[Opening PROVIDED DATA section]

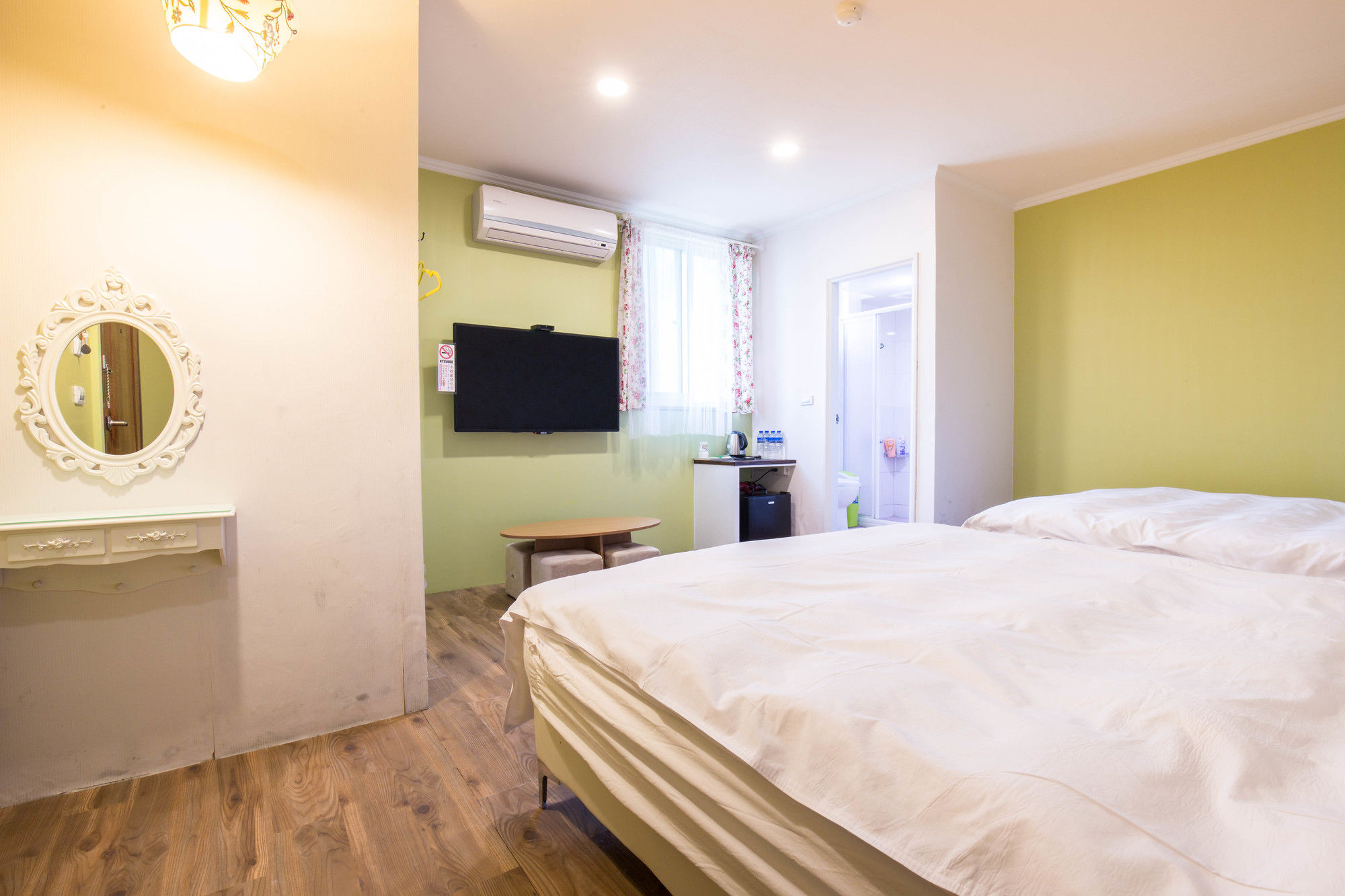 Фото N. Castle Hotel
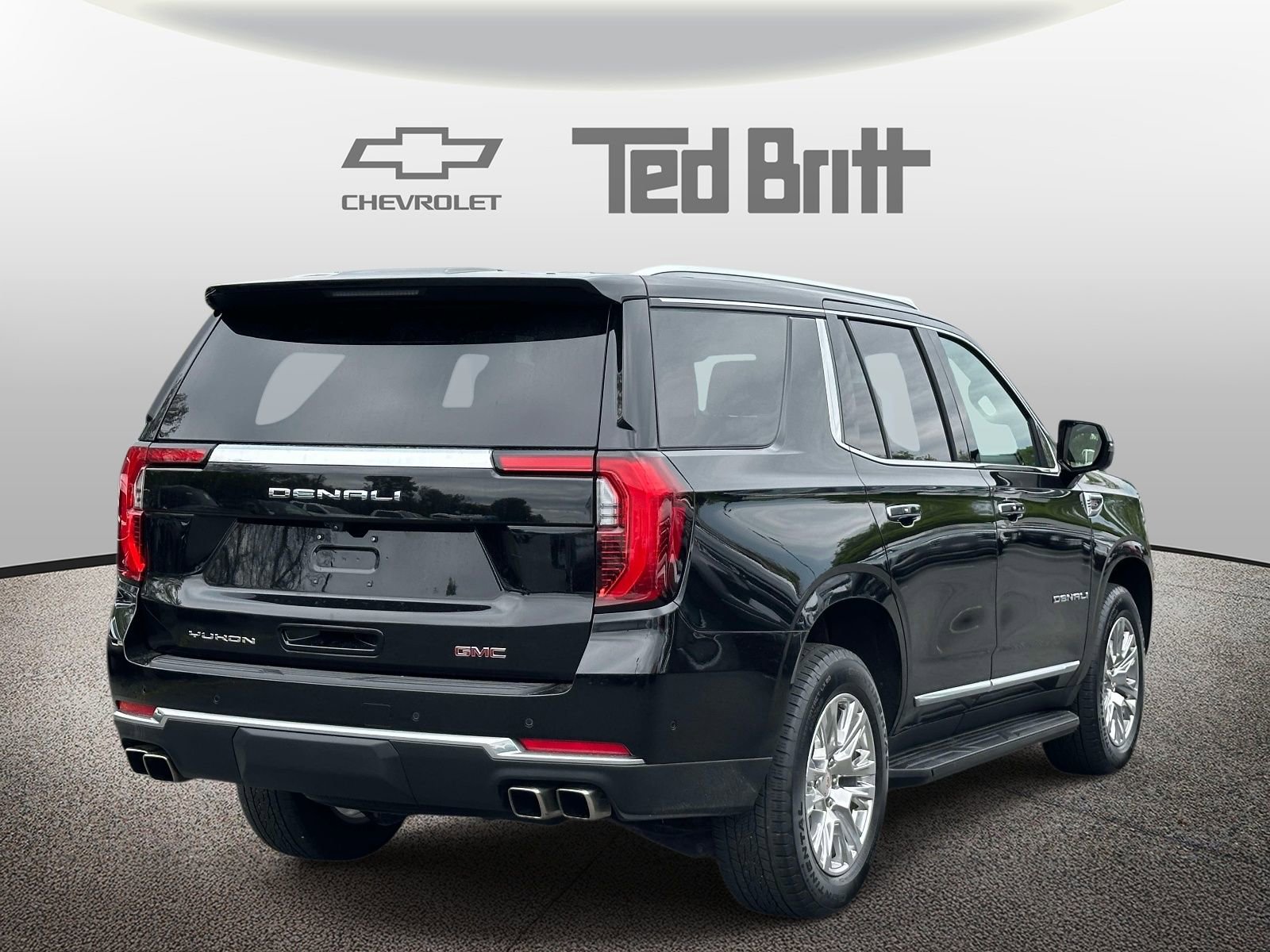 Used 2025 GMC Yukon Denali AWD/4WD image 4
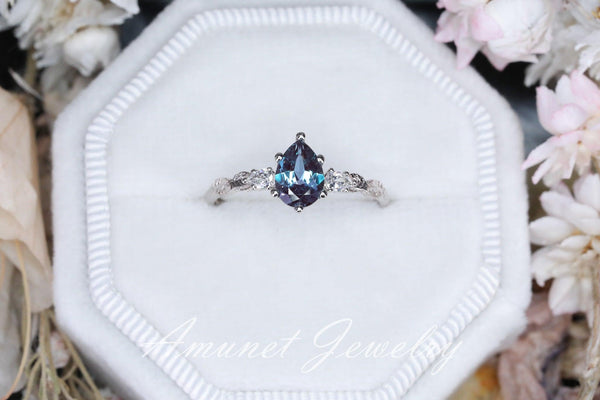 Chatham alexandrite ring, pear alexandrite ring, Chatham alexandrite Engagement ring, unique ring, leaf ring. - Amunet Jewelry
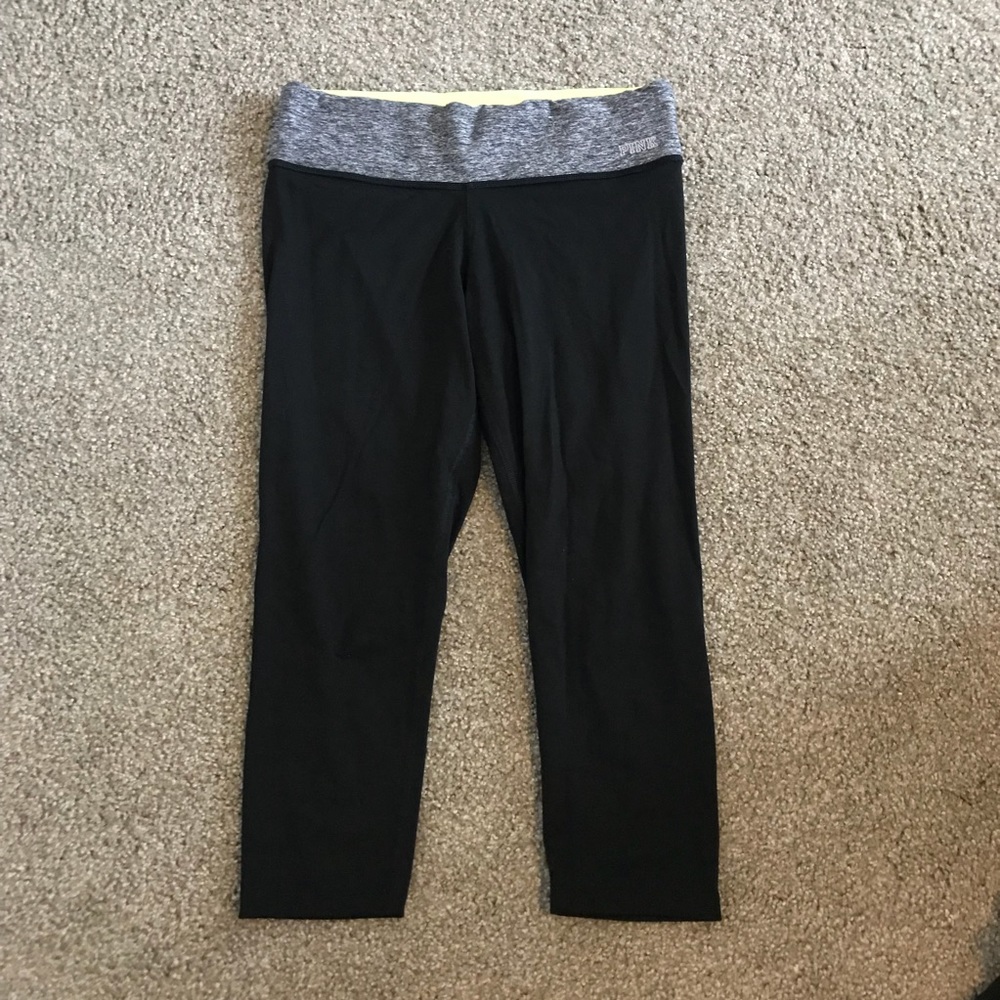 ❌SOLD❌ VS PINK Reversible Ultimate Crop Legging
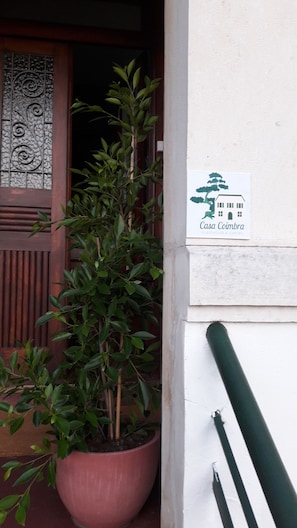 Entrada al alojamiento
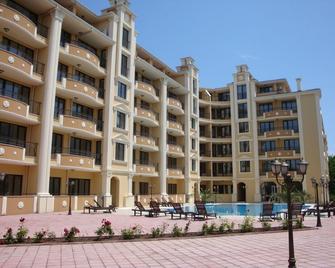 Flora Beach Resort apartments - Pomorie - Building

[Closing PROVIDED DATA section]

With the pictures excluded, transcribe word for word only the lines from the one containing "Entrada al alojamiento" through the last line of the records.

 Entrada al alojamiento
 Flora Beach Resort apartments - Pomorie - Building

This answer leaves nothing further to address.